[Opening Exercise input section]
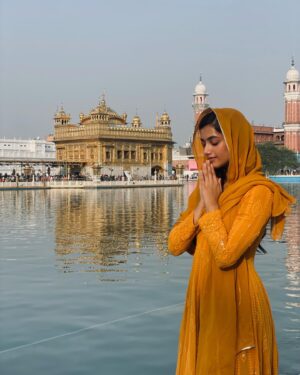 Bhagyashri Borse Instagram - 6.5.23 🧡

“Teri kismat da likheya tere do koi kho nai sakda, je usdi meher hove te tenu oh vi mil jaaye, jo tera ho nahi sakda.”
#bestbirthday.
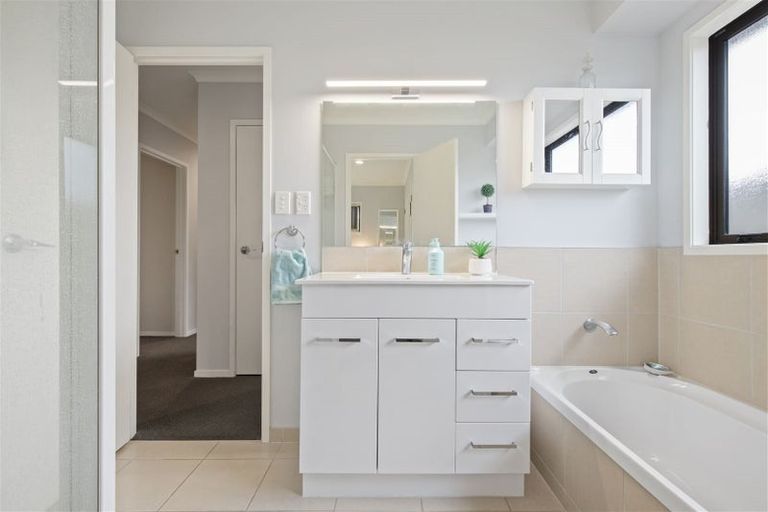 Photo of property in 3 Belgium Street, Waiuku, 2123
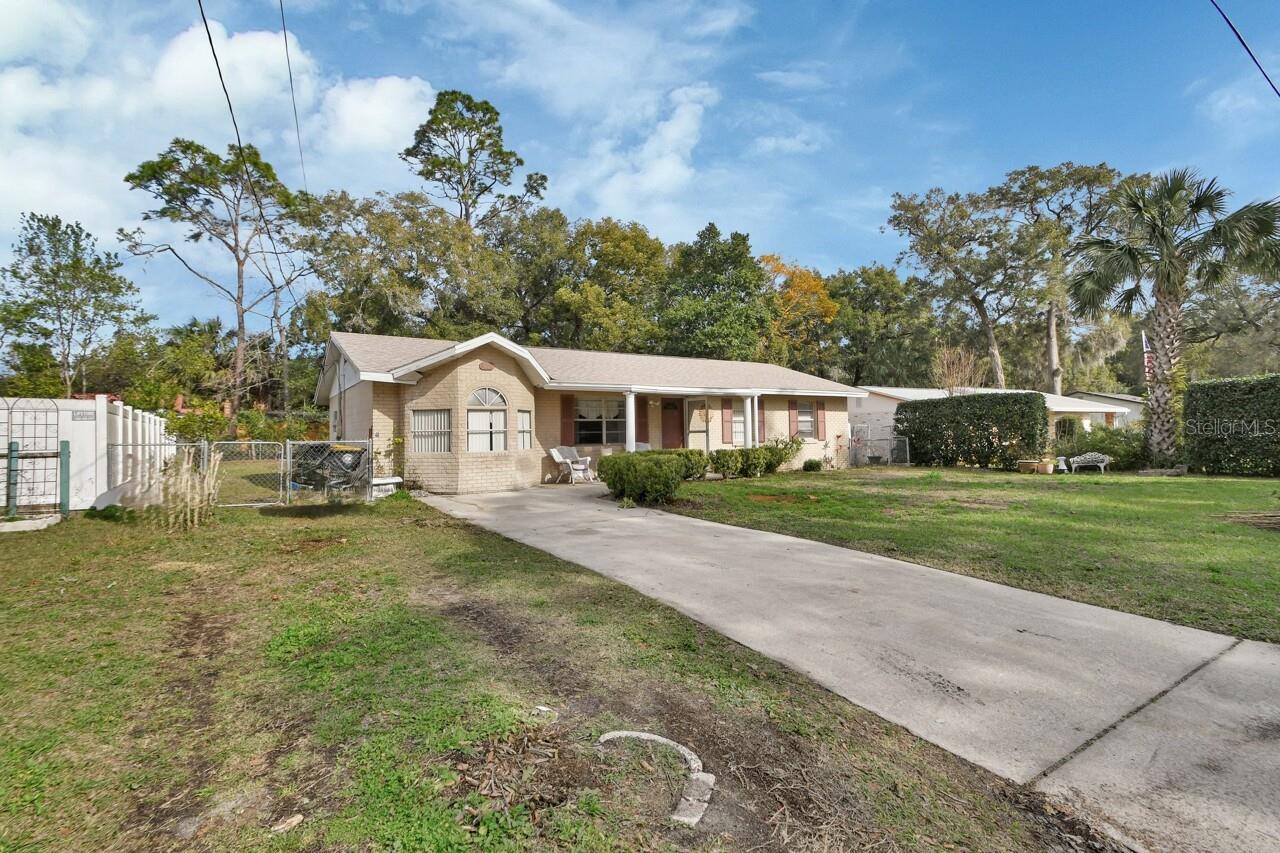 1050 TAPPAN CIR, ORANGE CITY, FL, 32763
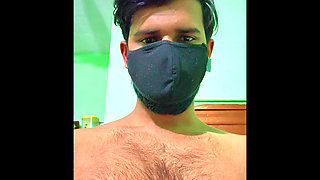 My Elder Stepsister Was Angry, We Shared a Single Bed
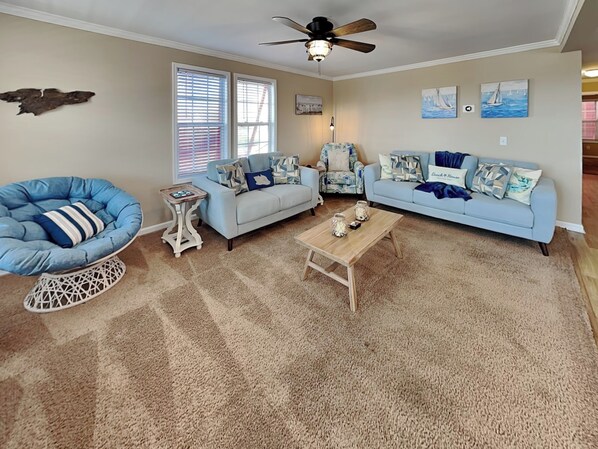Studio (3 Bedrooms) | Property amenity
[Closing Exercise input section]
Work task:
Copy out all of the data word for word. Do not carry over any picture.

Solution to this problem:
 Bhagyashri Borse Instagram - 6.5.23 🧡

“Teri kismat da likheya tere do koi kho nai sakda, je usdi meher hove te tenu oh vi mil jaaye, jo tera ho nahi sakda.”
#bestbirthday.
 Photo of property in 3 Belgium Street, Waiuku, 2123
 1050 TAPPAN CIR, ORANGE CITY, FL, 32763
 My Elder Stepsister Was Angry, We Shared a Single Bed
Studio (3 Bedrooms) | Property amenity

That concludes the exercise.